Note: further actions such as resetting daemons via daemons(0) should be carried out with the desired '.compute' argument specified.

Everywhere

everywhere evaluates an expression on all connected daemons and persists the resultant state. This is designed for setting up the evaluation environment, with particular packages loaded, or common resources made available, etc.

Timeouts

Specifying the .timeout argument in mirai will ensure that the 'mirai' always resolves.

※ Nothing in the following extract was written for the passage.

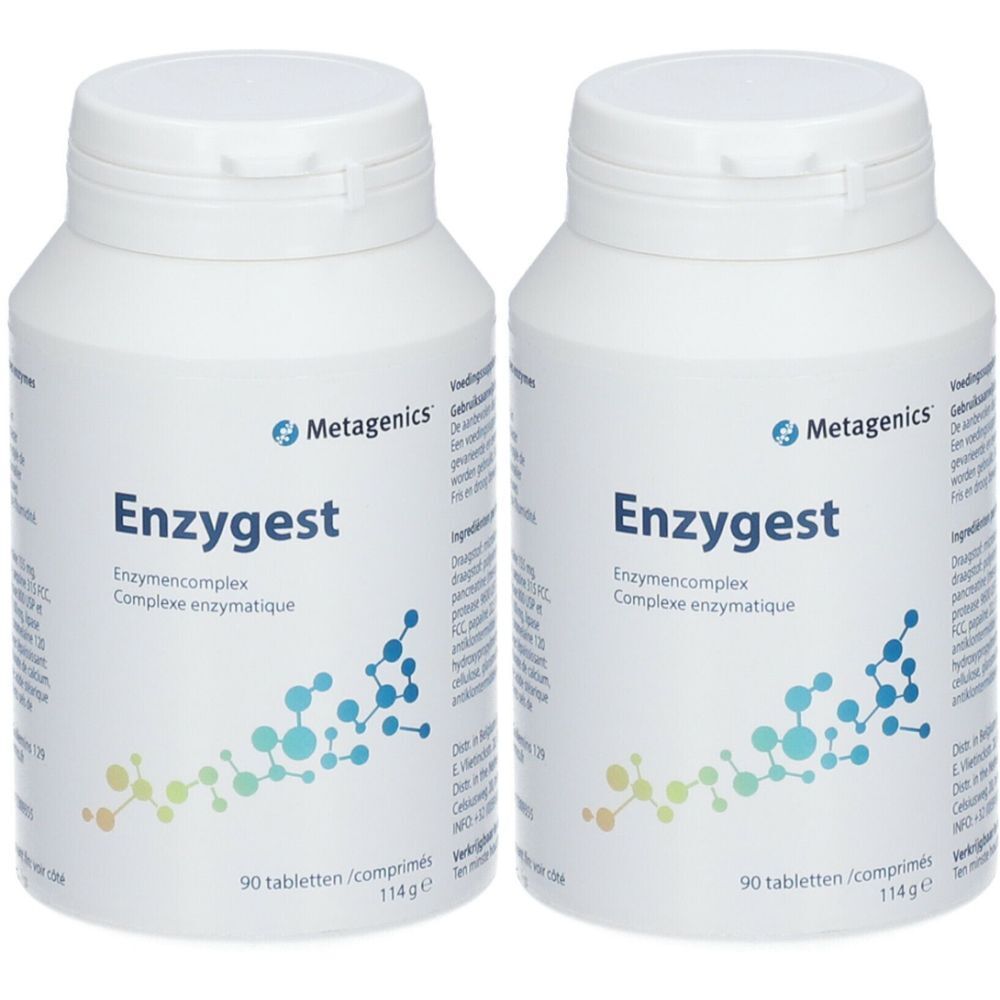 Twee witte flessen "Enzygest" van Metagenics. Tekst: "90 tabletten".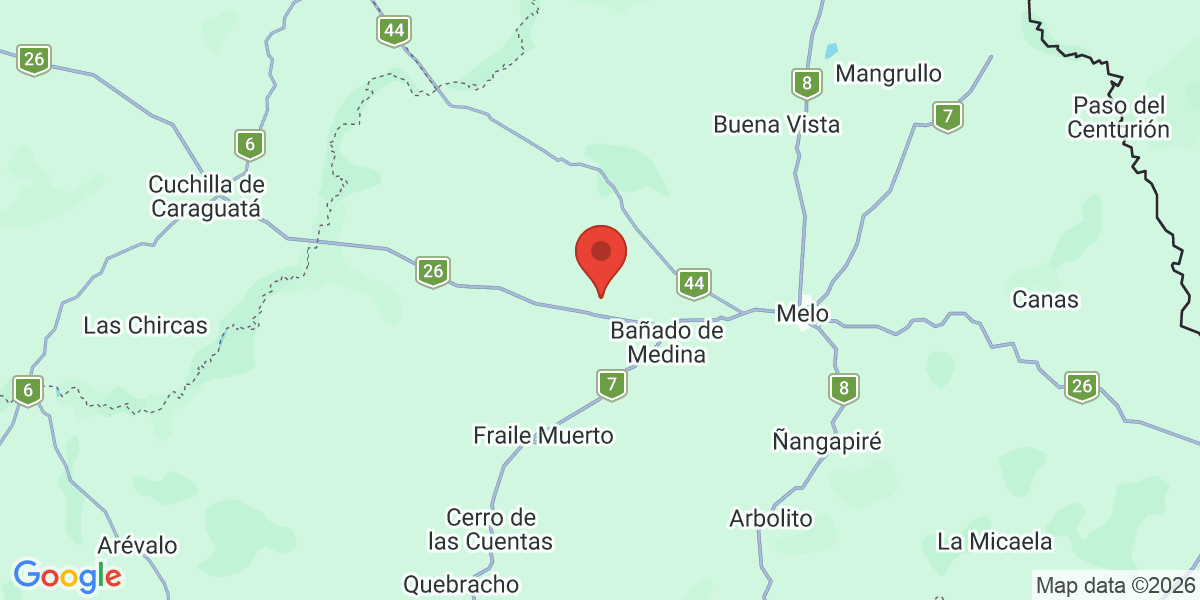 Ubicación geográfica del estudio: -32.3534700, -54.4420300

However, the task may not have completed and still be ongoing in the daemon process. In such situations, dispatcher ensures that queued tasks are not assigned to the busy process, however overall performance may still be degraded if they remain in use. If a process hangs and cannot be restarted manually, saisei specifying force = TRUE may be used to cancel the task and regenerate any particular URL for a new daemon to connect to.

Examples

if (interactive()) {
# Only run examples in interactive R sessions

# Create 2 local daemons (using dispatcher)
daemons(2)
status()
# Reset to zero
daemons(0)

# Create 2 local daemons (not using dispatcher)
daemons(2, dispatcher = FALSE)
status()
# Reset to zero
daemons(0)

# 2 remote daemons via dispatcher using WebSockets
daemons(2, url = host_url(ws = TRUE))
status()
# Reset to zero
daemons(0)

# Set host URL for remote daemons to dial into
daemons(url = host_url(), dispatcher = FALSE)
status()
# Reset to zero
daemons(0)

# Launch 2 daemons on remotes 'nodeone' and 'nodetwo' using SSH
# connecting back directly to the host URL over a TLS connection:
#
# daemons(url = host_url(tls = TRUE),
#         remote = ssh_config(c('ssh://nodeone', 'ssh://nodetwo')),
#         dispatcher = FALSE)

# Launch 4 daemons on the remote machine 10.75.32.90 using SSH tunnelling
# over port 5555 ('url' hostname must be 'localhost' or '127.0.0.1'):
#
# daemons(n = 4,
#         url = 'ws://localhost:5555',
#         remote = ssh_config('ssh://10.75.32.90', tunnel = TRUE))

}


mirai documentation built on Nov. 16, 2023, 5:08 p.m.